Digger: the tool for tracing of unix processes
Contents:
1. Introduction
2. New Features
3. How to use
4. Oracle kernel layers and functions
5. Important notes
6. Examples
7. Post Scriptum
Introduction
I would like to introduce new tool – Digger.
This tool allows to see tree of process’ calls such as application calls, library, system calls (and even kernel functions and OS scheduler actions) with additional information as function arguments, result, cpu & elapsed time.
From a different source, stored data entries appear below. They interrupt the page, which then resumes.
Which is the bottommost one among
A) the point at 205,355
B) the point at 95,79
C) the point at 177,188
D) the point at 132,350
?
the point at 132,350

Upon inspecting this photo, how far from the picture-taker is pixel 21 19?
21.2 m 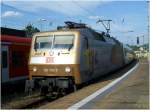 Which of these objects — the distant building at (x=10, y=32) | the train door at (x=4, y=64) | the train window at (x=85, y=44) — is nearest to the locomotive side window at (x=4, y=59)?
the train door at (x=4, y=64)

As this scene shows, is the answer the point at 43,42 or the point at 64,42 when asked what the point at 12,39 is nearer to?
the point at 43,42

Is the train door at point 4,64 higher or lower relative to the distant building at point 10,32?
lower

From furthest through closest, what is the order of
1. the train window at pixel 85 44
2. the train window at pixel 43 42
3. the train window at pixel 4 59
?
the train window at pixel 85 44, the train window at pixel 43 42, the train window at pixel 4 59

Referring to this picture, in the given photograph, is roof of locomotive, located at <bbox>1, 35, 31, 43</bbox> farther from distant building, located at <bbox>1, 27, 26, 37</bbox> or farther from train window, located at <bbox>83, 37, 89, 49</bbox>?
train window, located at <bbox>83, 37, 89, 49</bbox>

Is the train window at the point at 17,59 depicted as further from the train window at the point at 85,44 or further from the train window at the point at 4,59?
the train window at the point at 85,44

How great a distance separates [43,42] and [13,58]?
70.7 inches

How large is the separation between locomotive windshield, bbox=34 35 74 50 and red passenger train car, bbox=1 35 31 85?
1.26 meters

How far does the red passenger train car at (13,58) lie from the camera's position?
17969mm

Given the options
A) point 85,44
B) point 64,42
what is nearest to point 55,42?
point 64,42

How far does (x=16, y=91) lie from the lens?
66.4 feet

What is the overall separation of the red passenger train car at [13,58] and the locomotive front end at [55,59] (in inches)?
40.1

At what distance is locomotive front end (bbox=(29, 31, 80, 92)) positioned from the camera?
17469 millimetres

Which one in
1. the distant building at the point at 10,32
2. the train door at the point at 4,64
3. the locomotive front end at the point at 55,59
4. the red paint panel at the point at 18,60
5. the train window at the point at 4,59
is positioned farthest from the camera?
the distant building at the point at 10,32

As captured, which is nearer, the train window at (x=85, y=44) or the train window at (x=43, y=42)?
the train window at (x=43, y=42) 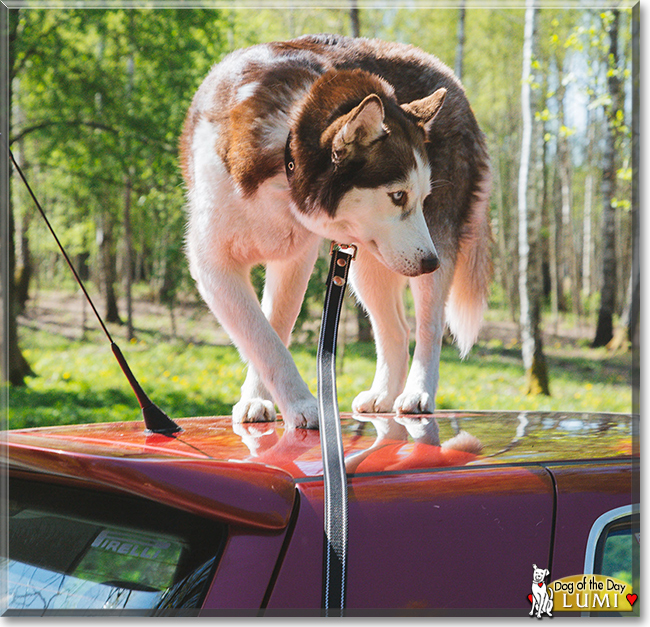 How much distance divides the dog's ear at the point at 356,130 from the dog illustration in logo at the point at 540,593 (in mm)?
1600

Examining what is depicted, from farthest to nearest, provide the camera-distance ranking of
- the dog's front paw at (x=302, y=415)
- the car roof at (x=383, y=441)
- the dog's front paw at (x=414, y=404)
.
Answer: the dog's front paw at (x=414, y=404) < the dog's front paw at (x=302, y=415) < the car roof at (x=383, y=441)

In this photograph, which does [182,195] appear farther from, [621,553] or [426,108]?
[621,553]

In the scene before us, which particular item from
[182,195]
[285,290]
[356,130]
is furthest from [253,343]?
[182,195]

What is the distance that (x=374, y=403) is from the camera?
3006 mm

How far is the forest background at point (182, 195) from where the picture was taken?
10.1m

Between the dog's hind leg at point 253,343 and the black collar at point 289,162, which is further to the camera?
the black collar at point 289,162

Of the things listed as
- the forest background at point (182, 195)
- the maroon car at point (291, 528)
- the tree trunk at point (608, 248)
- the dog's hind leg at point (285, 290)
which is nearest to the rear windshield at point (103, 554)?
the maroon car at point (291, 528)

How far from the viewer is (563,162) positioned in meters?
19.8

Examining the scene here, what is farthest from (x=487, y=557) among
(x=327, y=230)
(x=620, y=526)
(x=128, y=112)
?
(x=128, y=112)

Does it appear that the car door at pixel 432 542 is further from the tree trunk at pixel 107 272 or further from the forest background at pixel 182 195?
the tree trunk at pixel 107 272

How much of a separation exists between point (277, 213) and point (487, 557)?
5.56 ft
This is not something Oracle specific, the tool can be used for tracing of any unix process (DTrace is required).
Sourcecode: digger.sh
Examples:
CPU# timestamp relative elapsed cpu module call(args) = return ---- --------- -------- ------- ------ --------- --------------------------------- 4 10650 296149 . . oracle -> kdsgrp(0xFFFFFD7FFDC28CC8, 0x0, 0xFFFFFD7FFDC28CC8) 4 10662 296150 . . oracle -> kcbispnd(0xFFFFFD7FFDC28CE0, 0x0, 0xFFFFFD7FFDC28CC8) 4 10670 296151 8 0 oracle <- kcbispnd = 0x0 4 10686 296153 . . oracle -> ktrget2(0xFFFFFD7FFDC28CD0, 0xFFFFFD7FFDC28BF8, 0x360) 4 10698 296156 . . oracle -> ktsmg_max_query(0x0, 0x0, 0xFFFFFD7FFDC11B28) 4 10707 296157 8 0 oracle <- ktsmg_max_query = 0x0 4 10724 296160 . . oracle -> kcbgtcr(0xFFFFFD7FFDC28CE0, 0x0, 0x360) 4 10735 296162 . . oracle -> ktrexf(0xFFFFFD7FFFDFADD0, 0xE771F80, 0x0) 4 10743 296163 7 0 oracle <- ktrexf = 0x9 4 10758 296166 . . oracle -> kcbzgs(0x1, 0xE771F80, 0x1) 4 10768 296168 . . oracle -> kssadf_numa_intl(0x26, 0x91F2BB48, 0x8DCA3948) 4 10777 296169 8 1 oracle <- kssadf_numa_intl = 0x91A75F98 4 10790 296170 32 3 oracle <- kcbzgs = 0x91A75F98 4 10805 296171 . . oracle -> kcbz_fp_buf(0x80FF38A8, 0x91A76018, 0x1) 4 10813 296172 8 1 oracle <- kcbz_fp_buf = 0x1 4 10826 296173 102 13 oracle <- kcbgtcr = 0x80EE8014 4 10840 296176 . . oracle -> kcbcge(0xFFFFFD7FFDC28CE0, 0x0, 0x0) 4 10848 296176 7 0 oracle <- kcbcge = 0x0 4 10862 296178 . . oracle -> ktcckv(0xFFFFFD7FFDC28CE0, 0xFFFFFD7FFDC281F4, 0x0) 4 10870 296179 7 0 oracle <- ktcckv = 0x0 4 10881 296180 195 26 oracle <- ktrget2 = 0x80EE807C 4 10895 296181 244 32 oracle <- kdsgrp = 0x80EE9FAD
CPU# timestamp relative elapsed cpu module call(args) = return ---- --------- -------- ------- ------ --------- --------------------------------- 1 28814 204036 . . oracle -> ksfd_skgfqio(0xFFFFFD7FFFDF8B70, 0x4, 0x0) 1 28834 204043 . . oracle -> skgfqio(0xFFFFFD7FFDD79580, 0xFFFFFD7FFFDF8B70, 0x4) 1 28851 204049 . . oracle -> skgfrvldtrq(0xFFFFFD7FFFDF8B70, 0x4, 0xFFFFFD7FFDD79580) 1 28880 204051 29 1 oracle <- skgfrvldtrq = 0x0 1 28904 204054 . . syscall => pread(0x101, 0x7F4E2000, 0x2000) 1 28923 204064 19 9 syscall <= pread = 0x2000 1 28941 204066 107 23 oracle <- skgfqio = 0x0 1 28958 204068 143 31 oracle <- ksfd_skgfqio = 0x0
The Digger can be considered as improved and extended version of open source tool
dapptrace, the tool from DTraceToolkit, included in several operating systems, developed by Brendan Gregg.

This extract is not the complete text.